MATERIAL TO PROCESS:
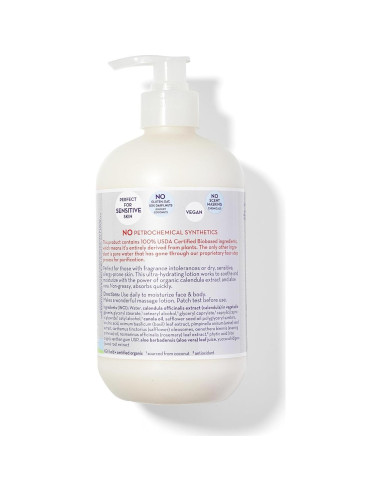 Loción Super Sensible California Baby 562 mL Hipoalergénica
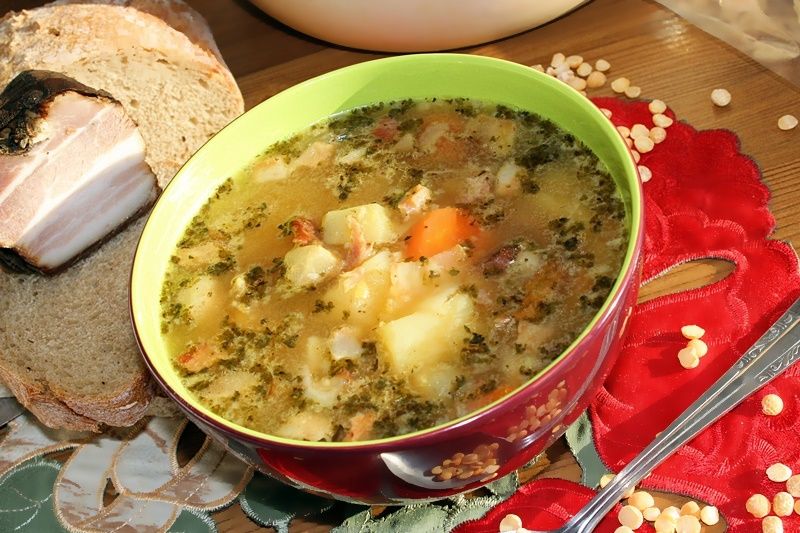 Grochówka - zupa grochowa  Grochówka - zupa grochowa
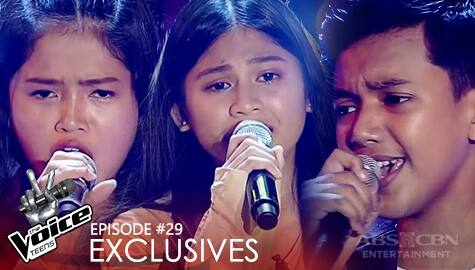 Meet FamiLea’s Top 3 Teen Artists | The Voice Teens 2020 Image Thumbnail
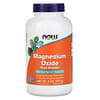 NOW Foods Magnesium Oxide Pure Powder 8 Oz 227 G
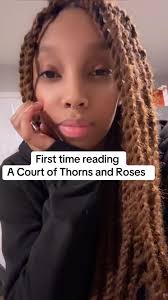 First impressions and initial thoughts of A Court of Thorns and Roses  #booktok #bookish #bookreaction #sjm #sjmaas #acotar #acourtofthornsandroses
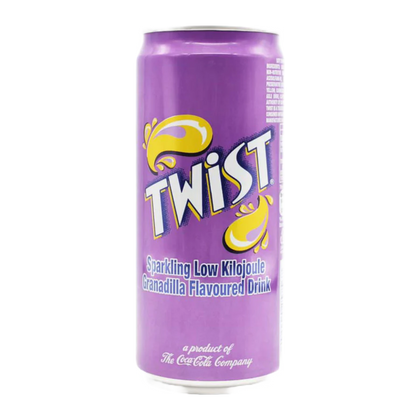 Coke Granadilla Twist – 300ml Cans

---

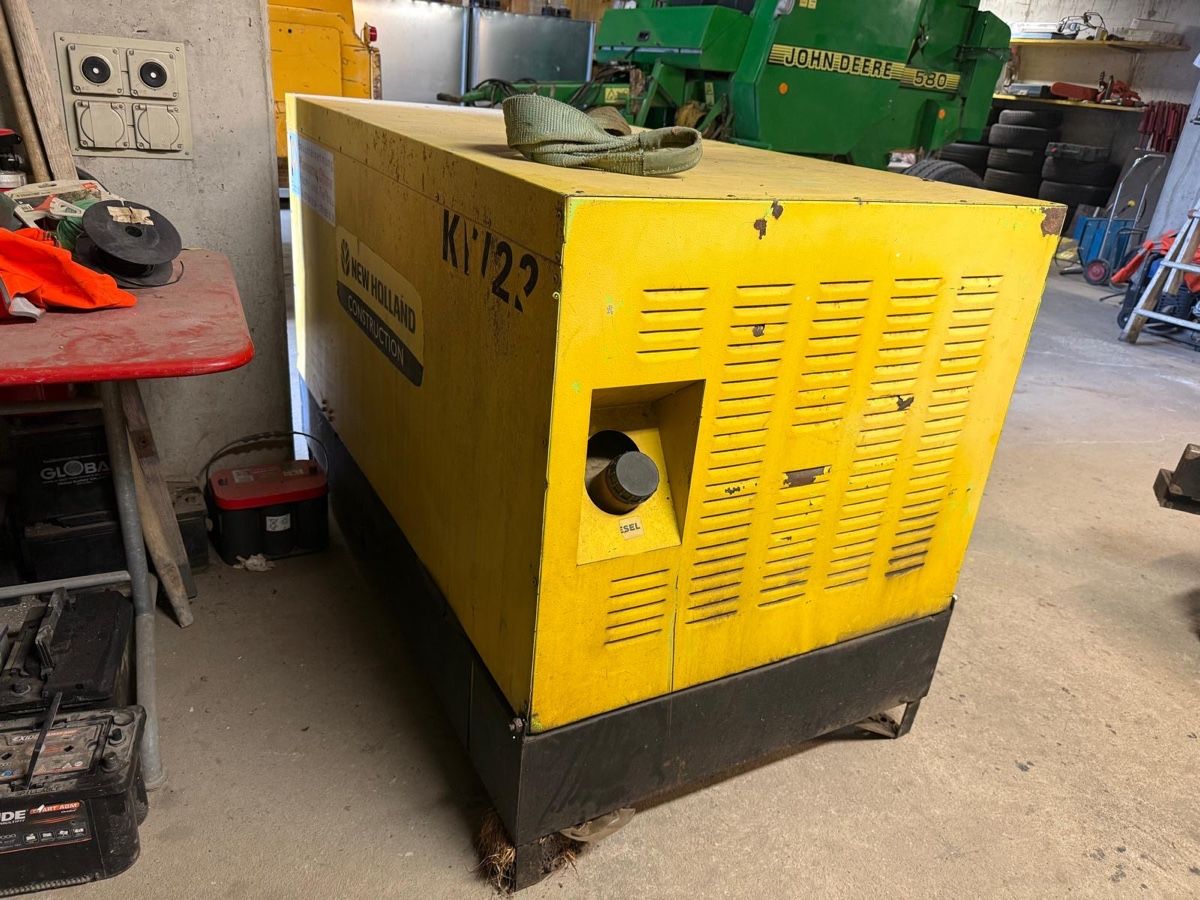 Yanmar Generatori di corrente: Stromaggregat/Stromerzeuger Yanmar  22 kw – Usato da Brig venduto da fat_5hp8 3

PROMPT: Every line above in the stretch from the one with "Loción Super Sensible" through the one with "Coke Granadilla Twist – 300ml Cans" is to be transcribed exactly, ends included. No picture is copied.

WRITTEN SOLUTION:
 Loción Super Sensible California Baby 562 mL Hipoalergénica
 Grochówka - zupa grochowa  Grochówka - zupa grochowa
 Meet FamiLea’s Top 3 Teen Artists | The Voice Teens 2020 Image Thumbnail
 NOW Foods Magnesium Oxide Pure Powder 8 Oz 227 G
 First impressions and initial thoughts of A Court of Thorns and Roses  #booktok #bookish #bookreaction #sjm #sjmaas #acotar #acourtofthornsandroses
 Coke Granadilla Twist – 300ml Cans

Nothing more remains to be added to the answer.